## Final Project Submission

Please fill out:
* Student name: Seyma Tas
* Student pace: full time
* Scheduled project review date/time: 
* Instructor name: Amber Yandow
* Blog post URL:


In [None]:
import seaborn as sns
import pandas as pd
import numpy as np
import matplotlib.pyplot as plt
%matplotlib inline
sns.set_style('darkgrid', {'axes.facecolor': '0.9'})

from sklearn.preprocessing import LabelEncoder, OneHotEncoder, MinMaxScaler, StandardScaler
from sklearn.model_selection import train_test_split, cross_val_score, GridSearchCV, ParameterGrid
from sklearn.linear_model import LogisticRegression, SGDClassifier
from imblearn.over_sampling import SMOTE, ADASYN
from sklearn.naive_bayes import GaussianNB
from sklearn.svm import SVC
from sklearn.tree import DecisionTreeClassifier
from sklearn.neighbors import KNeighborsClassifier
from sklearn.ensemble import RandomForestClassifier, AdaBoostClassifier, GradientBoostingClassifier, BaggingClassifier
from sklearn.metrics import recall_score, f1_score, fbeta_score, r2_score, roc_auc_score, roc_curve, auc, cohen_kappa_score
from sklearn.metrics import classification_report, confusion_matrix, accuracy_score, precision_score
from sklearn.metrics import make_scorer
from sklearn.pipeline import Pipeline
import xgboost as xgb
# from sklearn.metrics import plot_confusion_matrix

import warnings
warnings.filterwarnings('ignore')

In [2]:
df = pd.read_csv('TelcoCustomerChurnData_cleaned_ohe.csv')

# Splitting the data into test and train sets

In [3]:
X = df.drop(['Churn'], axis=1)
y = df['Churn']

In [4]:
X_train, X_test, y_train, y_test = train_test_split(X, y, random_state=42)

In [5]:
scaler = StandardScaler()
scaled_x_train = scaler.fit_transform(X_train)
scaled_X_test = scaler.transform(X_test)
scaled_X_train = pd.DataFrame(scaled_x_train, columns=X_train.columns)


## Functions to evaluate the model

In [6]:
def roc_curve_and_auc(clf, X_train, X_test, y_train, y_test):

    # Calculate the probability scores of each point in the training set
    y_train_score = clf.fit(X_train, y_train).decision_function(X_train)

    # Calculate the fpr, tpr, and thresholds for the training set
    train_fpr, train_tpr, thresholds = roc_curve(y_train, y_train_score)

    # Calculate the probability scores of each point in the test set
    y_test_score = clf.decision_function(X_test)

    # Calculate the fpr, tpr, and thresholds for the test set
    test_fpr, test_tpr, test_thresholds = roc_curve(y_test, y_test_score)
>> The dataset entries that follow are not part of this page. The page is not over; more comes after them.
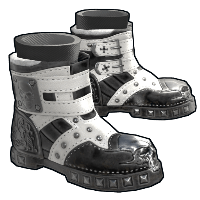 Buy Rust boots Glory Boots skin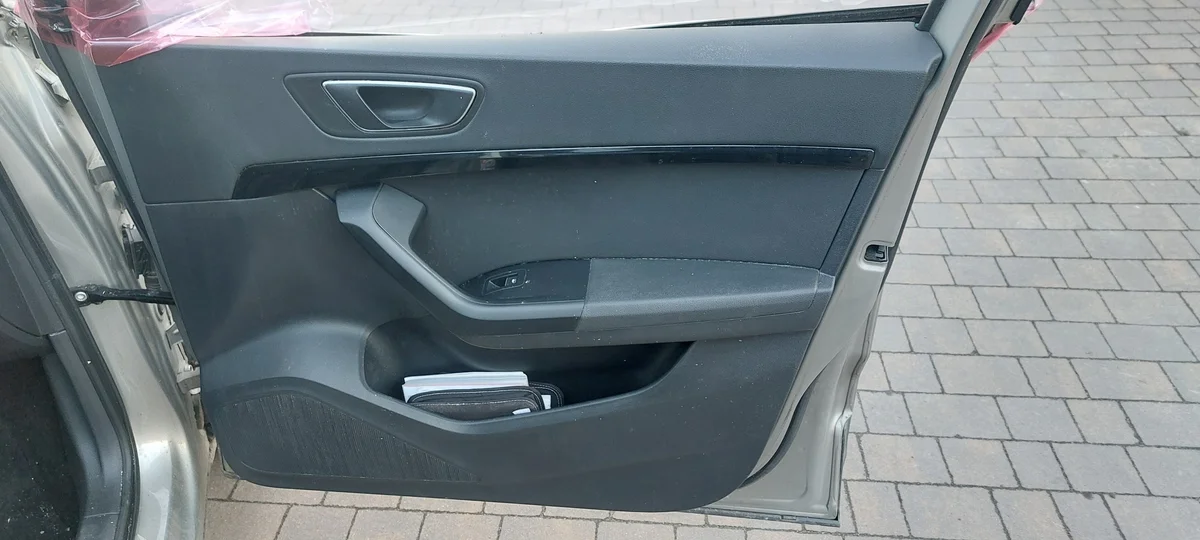 Seat Ateca Forro Porta Direita Frente Usado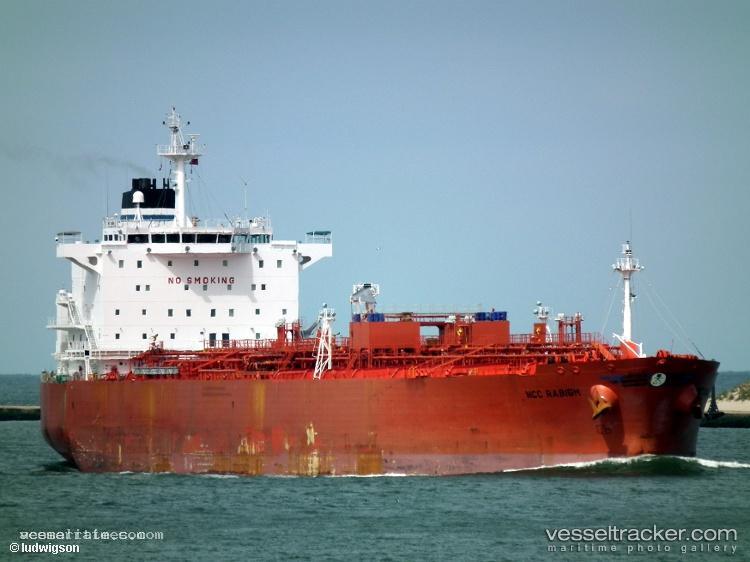 Mrc-Sedef - Chemical Oil Products Tanker vessel registered in Malta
    # ROC curve for training set
    plt.figure(figsize=(10, 8))
    lw = 2
    plt.plot(train_fpr, train_tpr, color='darkorange',
             lw=lw, label='Train ROC curve')
    plt.plot(test_fpr, test_tpr, color='blue',
             lw=lw, label='Test ROC curve')
    plt.plot([0, 1], [0, 1], color='navy', lw=lw, linestyle='--')
    plt.xlim([0.0, 1.0])
    plt.ylim([0.0, 1.05])
    plt.yticks([i/20.0 for i in range(21)])
    plt.xticks([i/20.0 for i in range(21)])
    plt.xlabel('False Positive Rate')
    plt.ylabel('True Positive Rate')
    plt.title('Receiver operating characteristic (ROC) Curve for Training and Testing Sets')
    plt.legend(loc='lower right')
    plt.show()
    # Print the area under the roc curve
    print('Training AUC: {}'.format(round(auc(train_fpr, train_tpr), 5)))
    print('Testing AUC: {}'.format(round(auc(test_fpr, test_tpr), 5)))

In [7]:
def plot_feature_importances(model):
    n_features = X_train.shape[1]
    plt.figure(figsize=(8,8))
    plt.barh(range(n_features), model.feature_importances_, align='center') 
    plt.yticks(np.arange(n_features), X_train.columns.values) 
    plt.xlabel('Feature importance')
    plt.ylabel('Feature')

In [8]:
# # Plot features importances metric evaluation fonksiyonuna bunu ekleyecegim
# imp = pd.Series(data=clf.feature_importances_, index=x.columns).sort_values(ascending=False)
# plt.figure(figsize=(10,12))
# plt.title("Feature importance")
# ax = sns.barplot(y=imp.index, x=imp.values, palette="Blues_d", orient='h')

In [None]:
def model_evaluation(X_train, X_test, y_train, y_test, y_pred_train, y_pred_test):

    print('MODEL EVALUATION METRICS:\n',
          '-----------------------------------------------------')
    print('Confusion Matrix for train & test set: \n')
    print(confusion_matrix(y_train, y_pred_train),'\n')
    
    print(confusion_matrix(y_test, y_pred_test))
    
    print('-----------------------------------------------------')
    print('\nClassification Report for train & test set\n',
          '\nTrain set\n',
          classification_report(y_train, y_pred_train),
          '\n\nTest set\n',
          classification_report(y_test, y_pred_test))
    
#     print('\nRecall for train & test set:\n',
#           round(recall_score(y_train, y_pred_train), 4),
#           round(recall_score(y_test, y_pred_test), 4))
       
#     print('Precision for train & test set:\n', 
#           round(precision_score(y_train, y_pred_train), 4),
#           round(precision_score(y_test, y_pred_test), 4))

#     print('f1 score for train & test set:\n', 
#           round(f1_score(y_train, y_pred_train), 4),
#           round(f1_score(y_test, y_pred_test), 4))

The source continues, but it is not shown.